Felipe Nasr concentré sur l’enchaînement Le Mans / Watkins Glen

Felipe Nasr, ancien champion IMSA en DPi et pilote de Formule 1, était aux 24 Heures du Mans le week-end dernier. Il était au volant de la Porsche 963 n°4 Porsche Penske Motorsport avec Mathieu Jaminet et Nick Tandy. Il disputait ses 5e Le Mans et comme l’an dernier, il n’a pas vu l’arrivée. Il va directement enchainer avec l’IMSA où il est l’actuel leader au championnat.

Le début de semaine du pilote brésilien en Sarthe a été quelque peu compliqué, notamment ses essais qualificatifs sur lesquels il revient. « Ma semaine a bien commencé mais s’est ensuite dégradée car nous avons perdu de la vitesse, puis nous l’avons retrouvée le jeudi. La chose la plus importante était de savoir que nous avions récupéré une voiture compétitive. Nous partions de plus loin à cause des problèmes que nous avons eus en qualifications. Ce n’était donc pas idéal pour commencer, mais je ne m’en souciais pas vraiment car il s’agit de 24 heures de course. Sachant que nous avions une voiture compétitive, nous devions juste être intelligents dans nos décisions, dans notre stratégie, garder notre calme, nous assurer que nous faisions la bonne tactique avec les pneus et gérer la météo. En même temps, le plateau était très compétitif, je n’ai jamais vu cela auparavant. Il y avait beaucoup de bonnes voitures, d’équipes, de constructeurs, de pilotes. Pour nous, il s’agissait de rester dans le peloton, de garder un œil sur les leaders et continuer à avancer au fur et à mesure de la course. »

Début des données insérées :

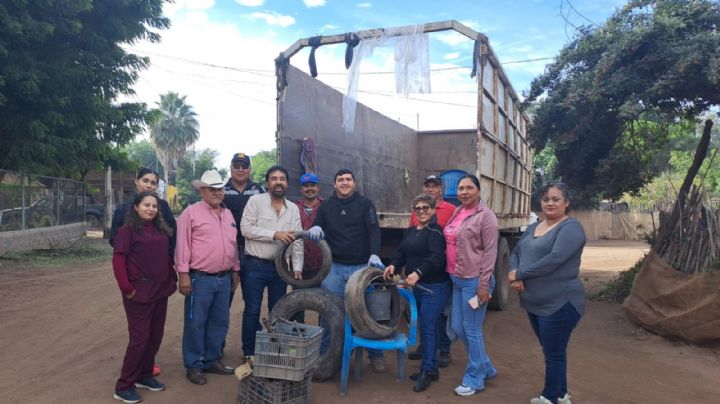 En Etchojoa realiza jornadas de descacharre para proteger a comunidades del mosco del dengue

La stratégie des premières heures de course étaient donc claire et tout se passait comme espéré. « La première chose à faire était de passer les premiers tours parce qu’avec les pneus froids, rester sur la piste pouvait être très difficile pour tout le monde. Nous voulions avoir un début de course sans problème, rester calmes, et ensuite progresser régulièrement. » Alors que certains constructeurs tels qu’Alpine annonçait des relais de 13 tours, le Brésilien était lui un peu plus évasif sur ce chiffre. « Cela dépendait beaucoup. Quand c’était vert, vous pouviez probablement faire 12 ou 13 tours, mais vous pouviez toujours jouer avec la stratégie en fonction du trafic. Si vous étiez coincé dans le trafic, il était préférable de passer au stand plus tôt ou plus tard, en fonction du cycle de ravitaillements. Ensuite, avec les drapeaux jaunes, c’est sûr, on peut toujours prolonger. Certaines voitures étaient meilleures la nuit, d’autres plus à l’aise le jour. Certaines gardaient mieux la température dans les pneus, d’autres avaient plus de difficultés, mais c’est pour cela que la course était très ouverte. » 

© MPS Agency

Après un début de course prudent, la « Porsche fonctionne à merveille », mais la suite a été bien plus compliquée. « Lorsque le premier jaune est apparu en début de course, nous avons malheureusement dû faire l’arrêt carburant prévu alors que nous n’avions droit qu’à un ‘splash and dash’, ce qui nous a obligés à repasser par les stands une deuxième fois, pas de chance. Ensuite, nous avons reçu une pénalité de temps parce que nous avons freiné deux dixièmes de seconde trop tard à 250 km/h dans un FCY au milieu des virages de la Porsche. C’était une erreur. Nous avons également dû remplacer l’aileron arrière à la suite d’un contact en début de course. »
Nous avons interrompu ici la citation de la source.